Sunday, October 21, 2012

Boss Ball Game



I hate my boss. Well, everybody does!

I do not like my boss to try and visualize the battle from the coffers of his cabin we fight on the ground and comment “absolutely ridiculous”.

Regardless of my liking, however, a boss will always be boss. Because a sword is hanging over his head too, to be slain at any time if things turn otherwise. Now, these word “things” can have so many meanings. Among others, it is vision. An organizational vision, translated into various Business Units; then into various Divisions and then finally into various Departments.

I work on the support department of a Business Division, where my job is to fulfill a specific requirement. It is one of the links of the entire chain, stands at say position 2 or 3 of the chain.
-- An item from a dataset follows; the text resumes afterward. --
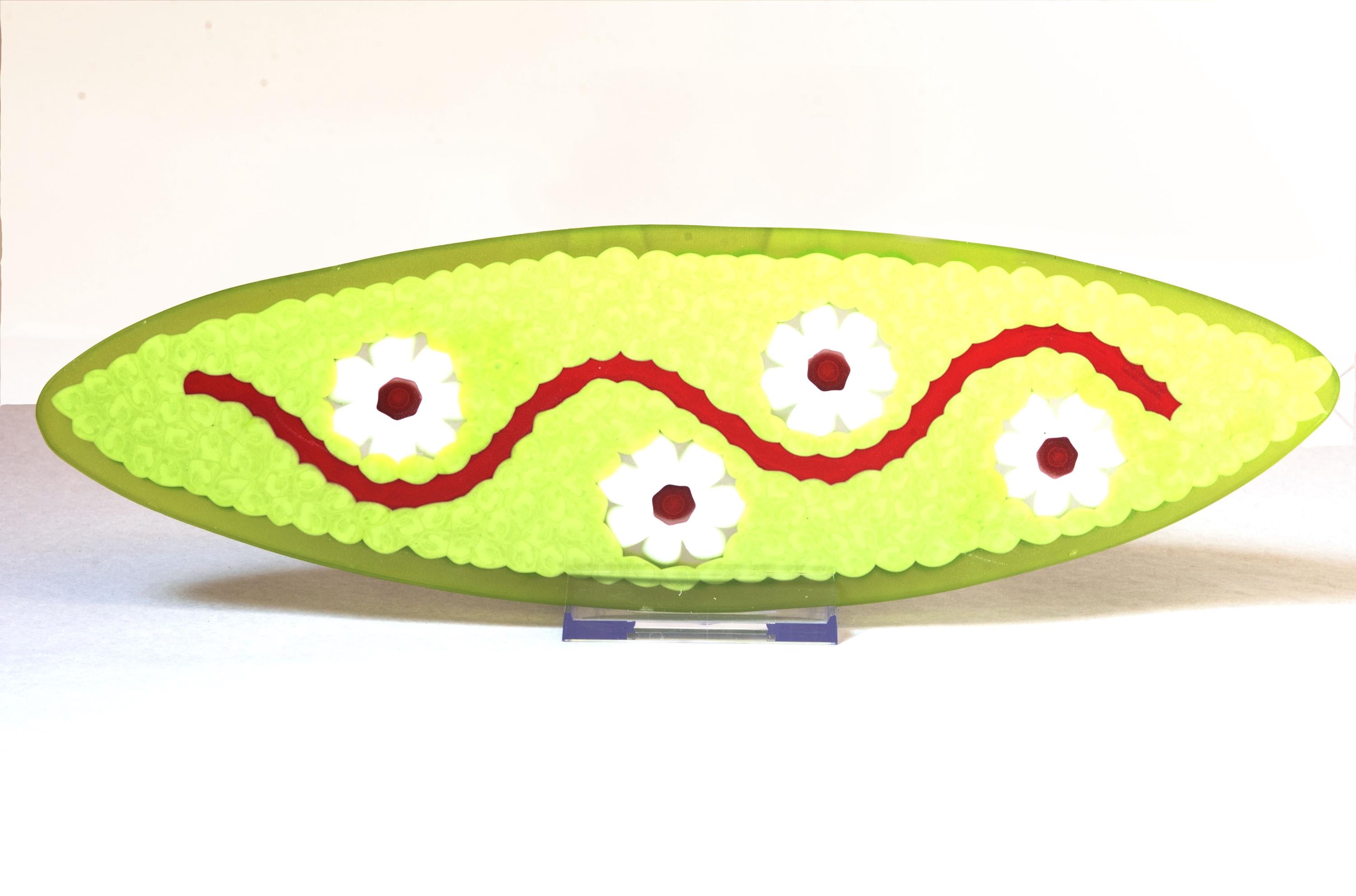 Murano Glass Plate: Green Oval with White Murrina Flowers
Any bottleneck in my chain will jeopardize the activities of the whole chain & most importantly the end of the chain. At the end of it, standing tall is the King, i.e the Customer.
My department has certain guidelines; the business divisions have their “quarter-end” goals. Between the clash of the guidelines and goals, we strive to achieve equilibrium. The guidelines should not be so rigid that, the goals are adversely affected; or the goals should not be impractical that the guidelines go for a toss.

On a recent assignment, me and my team was to support the business for one of the Projects. The deadline was X number of weeks. If we cannot finish our process within those X number of weeks, the process at the end of the chain suffers resulting in customer dissatisfaction.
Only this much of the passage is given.